Uma das manifestantes, que não quis se identificar, contou que está se mudando do local após 50 anos por medo de represálias. "Estamos com medo de pessoas em situação de rua e das pessoas na administração. Prejudicaram a vida de toda uma população que mora ali", reclamou.

Somam-se ao coro dos moradores os vereadores Ebinho Florêncio (Podemos)Paulo Muniz (Republicanos), que se reúnem com a gestão para alterar a localização ou a função do equipamento. Ebinho planeja, nas próximas semanas, apresentar um projeto de lei a fim de que o espaço seja usado, em vez de um Centro Pop, para a promoção de cursos profissionalizantes.

"Se a população de rua tivesse morando na Praça de Casa Forte, já tinham dado uma solução, mas há um preconceito às avessas contra Boa Viagem, achando que só existe gente rica. São pessoas comuns que com muito sacrifício têm suas casas ali e que não querem isso (o Centro)", disse o republicano.

Para Rafael, do Samaritanos, o espaço tem um efeito contrário. Em vez de aumentar a criminalidade, auxilia as pessoas que já estão na localidade a terem uma nova chance, já que Boa Viagem tem a segunda maior concentração de população de rua do Recife.

"Mesmo assim, é o lugar com menos equipamentos voltados para esse público, que basicamente concentrados no Centro e na Torre e na Madalena", afirmou.

CENTRO SE SOMA À ASSISTÊNCIA À POPULAÇÃO DE RUA

Os protestos iniciais, noticiados em primeira mão pelo JC, tiveram repercussão nacional, sendo comentado pelo padre Júlio Lancellotti, conhecido pelas ações que promove através da Pastoral do Povo da Rua de São Paulo, durante uma missa.

"Nosso carinho e nosso afeto a toda população em situação de rua. Nossa saudação a todos que no Recife lutam para que o povo da rua não seja descriminado. E aos irmãos e irmãs de Boa Viagem, acolham os irmãos de rua! Não os rejeitem!", pediu o religioso, à época.

Hoje, a cidade conta com três instituições do tipo: o Centro POP Glória, situado na Rua Bernardo Guimarães, nº 135, em Santo Amaro, área central, o Centro POP Neuza Gomes, na Rua Dr. João Coimbra, nº 66, Madalena, e o Centro POP Maria Lucia dos Santos, na Rua do Imperador, nº 38, em Santo Antônio.

O espaço oferta banho, alimentação, guarda de pertences e encaminhamentos para outros serviços da rede municipal para as pessoas em situação de rua - 1.400, segundo última contagem da Prefeitura do Recife. Lá, elas também podem retirar novos documentos e recomeçar a vida. 

Segundo a gestão, a rede de acolhimento institucional da Prefeitura Recife oferece à população em situação de rua 17 equipamentos em todas as regiões do município.
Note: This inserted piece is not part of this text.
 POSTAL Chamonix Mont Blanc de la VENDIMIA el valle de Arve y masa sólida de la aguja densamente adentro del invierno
Atualmente, a rede abriga 528 pessoas, sendo 67 delas acolhidas em dois hotéis sociais que fazem parte do Programa Recife Acolhe.
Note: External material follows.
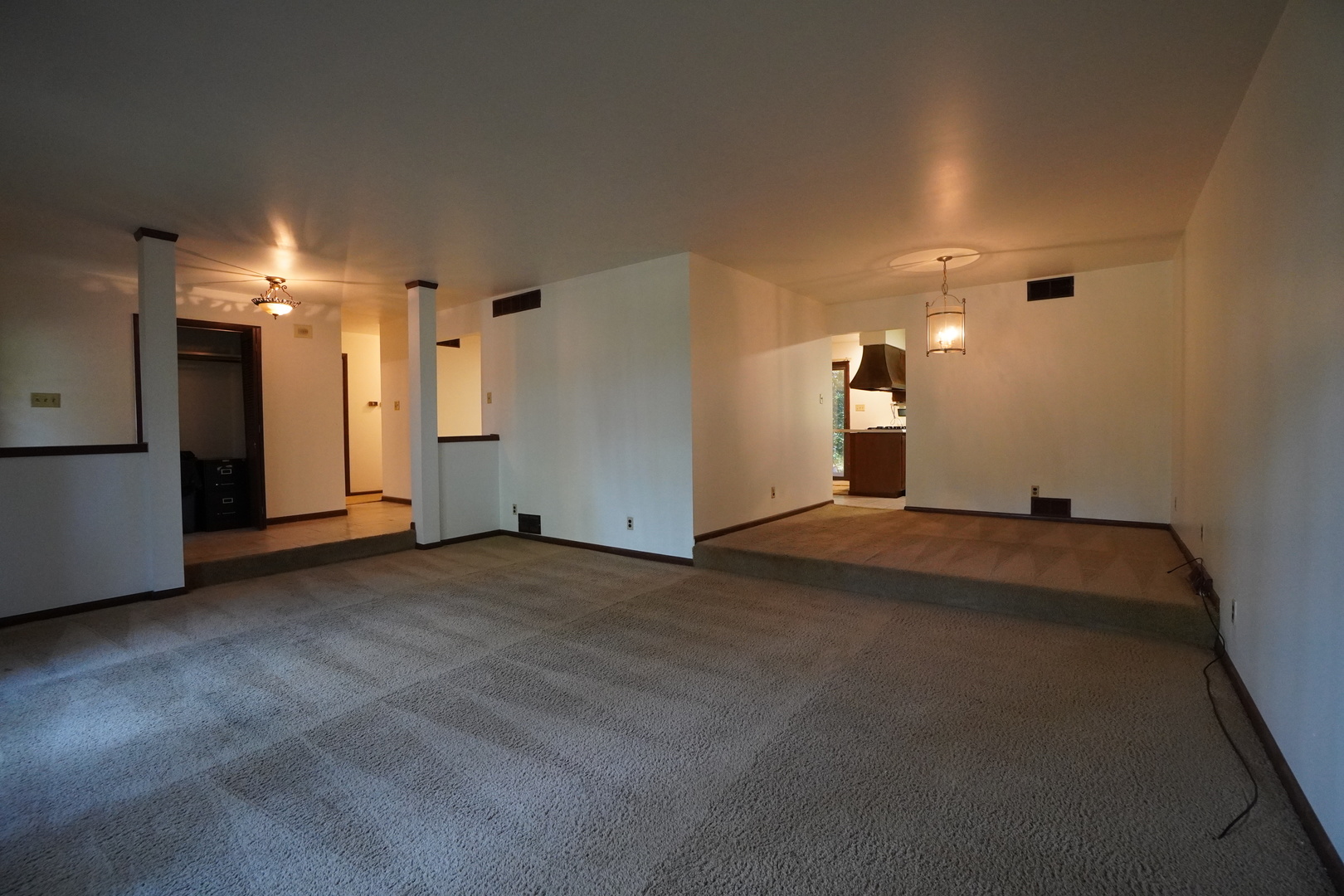960 W 66th Avenue Property Photo 10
A Secretaria Executiva de Assistência Social reforçou "que o poder público não realiza retirada compulsória das pessoas que utilizam os espaços públicos da cidade como local de permanência", mas realiza busca ativa em todos os territórios da cidade para criar vínculos e encaminhá-las aos serviços da rede socioassistencial.